柔道といえば、「相手をいかにして投げて(あるいは寝技で)一本勝ちを狙うか」というイメージがあると思います。大半の人はそうでしょう。
でも実は、柔道にも「演舞(形の大会)」があるということをご存じでしょうか?
今回はあまり知られていないであろう「形」にスポットを当ててみたいと思います。
そもそも「形」って?
柔道は決してパワー勝負の投げ合い・押さえつけ合いではありません。
豪快に相手を投げ飛ばす技の影には「どうやって相手の体勢を崩すか」「どのタイミングで何の技を仕掛けるか」「その技の力を最大に発揮するにはどう動くべきか」といった、巧妙な駆け引き・あるいは理論があります。
これを「理合い(りあい)」と呼びます。
2人組であらかじめ決められた攻撃・防御を繰り返し練習することによって、その理合いを学び体得し、実践に繋げるのが「形」の大きな役割です。
形には分類があり、「投(なげ)の形」「固(かため)の形」「柔(じゅう)の形」「極(きめ)の形」「講道館護身術」「五(いつつ)の形」「古式の形」の7種類に分かれています。
7種類の形
以下にそれぞれの特徴を簡単に説明しておきます。
投(なげ)の形
手技・腰技・足技・捨身技からなる、いわゆる立ち技
初段(捨身技以外)、弐段取得の際に必要
固(かため)の形
抑込技・絞技・関節技からなる、いわゆる寝技
参段取得の際に必要
柔(じゅう)の形
相手の攻撃を利用した返し技、力のない女性にも向く
四段取得の際に必要
極(きめ)の形
投げ技・固め技・間接技を駆使した実践的な形
五段取得の際に必要
講道館護身術
素手・短刀・杖・拳銃で攻撃された場合の返し技
六段取得の際に必要
五(いつつ)の形
攻防の理合いを水の流れに例えて表現した芸術的な形
七段取得の際に必要
古式の形
勝負上の精妙な理合いの原則を理解させるための形
八段取得の際に必要
ということで、柔道の段位を取得する際には、必ず形の評定が入ることになっているのです。
いかに試合に勝てても、強さだけではダメ。
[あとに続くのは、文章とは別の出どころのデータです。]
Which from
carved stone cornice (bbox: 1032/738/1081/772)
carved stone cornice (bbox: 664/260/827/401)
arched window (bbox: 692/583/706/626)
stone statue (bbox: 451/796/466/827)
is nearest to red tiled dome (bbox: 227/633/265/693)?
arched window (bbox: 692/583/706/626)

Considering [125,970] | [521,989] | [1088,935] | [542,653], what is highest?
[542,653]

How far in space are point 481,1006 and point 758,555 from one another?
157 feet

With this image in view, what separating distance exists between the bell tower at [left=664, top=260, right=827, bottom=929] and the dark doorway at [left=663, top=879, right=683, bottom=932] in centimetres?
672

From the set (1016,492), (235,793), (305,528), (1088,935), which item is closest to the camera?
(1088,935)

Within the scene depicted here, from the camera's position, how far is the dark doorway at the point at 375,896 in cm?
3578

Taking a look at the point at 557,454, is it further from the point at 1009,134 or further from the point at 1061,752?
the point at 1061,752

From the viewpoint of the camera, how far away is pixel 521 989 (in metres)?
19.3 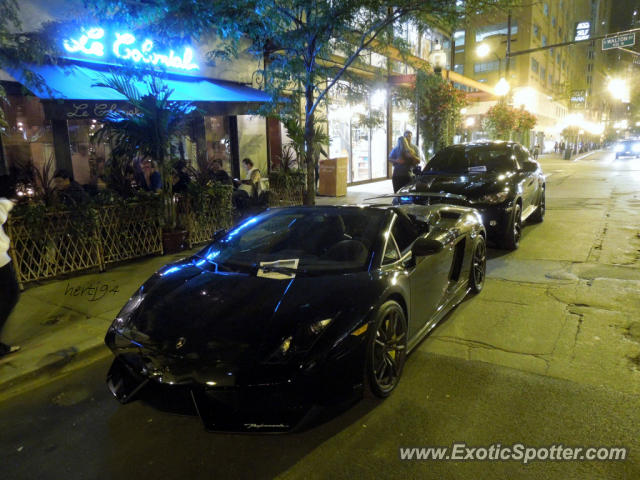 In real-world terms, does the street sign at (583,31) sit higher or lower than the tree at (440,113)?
higher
その理論や精神をよく理解しなさい、といったところですね。
ちなみに古式の形は、それぞれの技の名前がとても格好良いのです。
「夢中(ゆめのうち)」「滝落(たきおとし)」「夕立(ゆうだち)」など、ちょっと心をくすぐられる名前だと個人的には思ってしまいます。
形の試合の特徴
形の試合は相手と直接対戦するわけではないので、「勝敗」がはっきりとわかるわけではありません。
審査員による採点で順位が決定します。
審査方法は国内(講道館ルール)と国外(IJFルール)で違いますが、大まかにいうと5名の審査員がそれぞれ得点を出し、最高点と最低点を除いた3つの得点合計・あるいは標準で競われるというものです。
審査の対象となるのは、決められた技の出来だけでなく、場内での振る舞い全てが対象となります。
演技を始める際の礼法・歩き方なども評価基準となるため、演技前から終了後まで、一切気を抜くことは出来ません。
白熱し、ざわめきも投げられたときの衝撃音や発声なども多い「普通の」柔道の試合とは違い、会場はしんと静まり返り、審査員も観客も、皆が自分達の演技を見ている…というのは相当な緊張感です。
1つのミスによって平常心が崩れ、その後の技全てに影響が出てしまうため、「普通の試合よりも精神的に疲れる」と競技者の方は仰っていました。
世界に広がる「形」
国際的な柔道人気に伴い、発祥である日本だけでなく、世界各地でも形の大会が行われています。
代表的なところでは「世界形選手権大会」があり、こちらは2009年から毎年開催されています。
参加国も25~30ヶ国あり、その広がりが伺えますね。
実際に日本で柔道を学んでいる外国籍の方にお話を聞いたところ、「形を通じて柔道の精神や、日本人の精神を学んでいます」とのことでした。
その方はフランス出身なのですが、「柔道の精神と、ヨーロッパの騎士道精神はかなり似ている」とのことで、それがフランスでの柔道人気を支えているのかもしれません。
ちなみに日本の競技者登録数は約15万人ですが、フランスはなんと60万人にも上るそうです。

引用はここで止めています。